Better and more engaging than the 2007 movie, Hairspray works perfectly as a musical, celebrating a powerful message with singing, dancing, and the joy of togetherness.
By John Lavitt
Costa Mesa, CA (The Hollywood Times) 04/25/23 – At the Segerstrom Center for the Arts, the tradition of great musicals continues with Hairspray. Made famous by the 2007 movie version with John Travolta in drag as Edna Turnblad and Nikki Blonsky as Tracy Turnblad, the musical version is even better. Overflowing with energy, effervescence, enthusiasm, and excitement, the show is a perfect night out at the theatre. Tickets are still available for this fun show, and you can’t stop the beat from enlightening your soul and broadening your smile.
As Tracy Turnblad, Niki Metcalf is a wonderful lead with a powerful voice. Indeed, her singing leads the way from beginning to end as the balance between her contagious celebrations and plaintive cries captures the show’s, emotional heart. Nothing less than the conscience of the storyline, Niki Metcalf conveys her rational humanitarianism clearly and concisely to the audience. When it comes down to the brass tacks, the girl simply makes good sense.

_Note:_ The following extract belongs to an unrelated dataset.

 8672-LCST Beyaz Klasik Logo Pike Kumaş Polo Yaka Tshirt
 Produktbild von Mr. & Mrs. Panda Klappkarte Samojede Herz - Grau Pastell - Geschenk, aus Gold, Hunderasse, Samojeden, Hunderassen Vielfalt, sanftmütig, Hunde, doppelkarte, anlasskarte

Playing her mom, Andrew Levitt (AKA Nina West) is fabulous as Edna Turnblad. The actor blows the memory of Travolta out of the water with a bigger presence and more diverse comic chops. Beyond being dynamic and emotional, Levitt also provides the big dramatic waves when the drama needs to crash on the shore of the storyline. By playing it over the top without losing the connection to the audience, Levitt delivers a big performance with surprising delicacy and precision.
Although every member of the diverse and talented ensemble could be highlighted, one more name demands recognition. As Tracy’s best friend, Penny Pingleton, Emery Henderson is a quiet revelation. Beyond supporting her friend, Penny’s relationship with Seaweed J. Stubbs (Charlie Bryant III) energizes the second half of the storyline with a forbidden love story that will not be stopped. Together, they defy race conventions in a manner that transforms both actors, allowing them to blossom and shine.

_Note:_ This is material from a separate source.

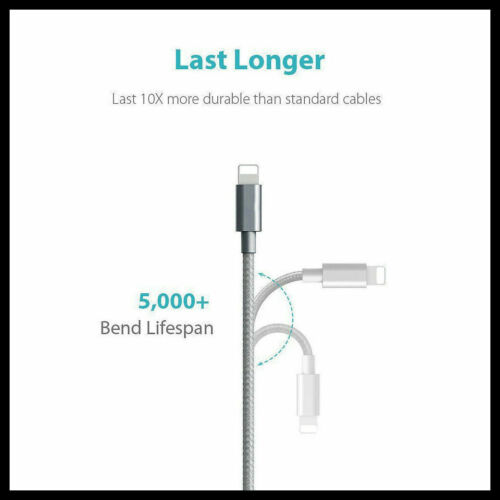 Braided USB Charging Phone Charger Data Cord Cable For iPhone 13 12 11 X 14 iPad - Picture 2 of 21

From beginning to end, joy and excitement flood the stage as the ensemble cast of Hairspray goes all out while dancing and singing. Unlike the movie, the musical does not get bogged down in politics. Instead, the performances express the politics, heightening the message by removing the obvious and accentuating the fun. Nothing is better than learning while smiling because the lesson is valued on a more profound level. Indeed, if you want your kids to learn a valuable lesson while having a great time out at the theatre, Hairspray is the way to go.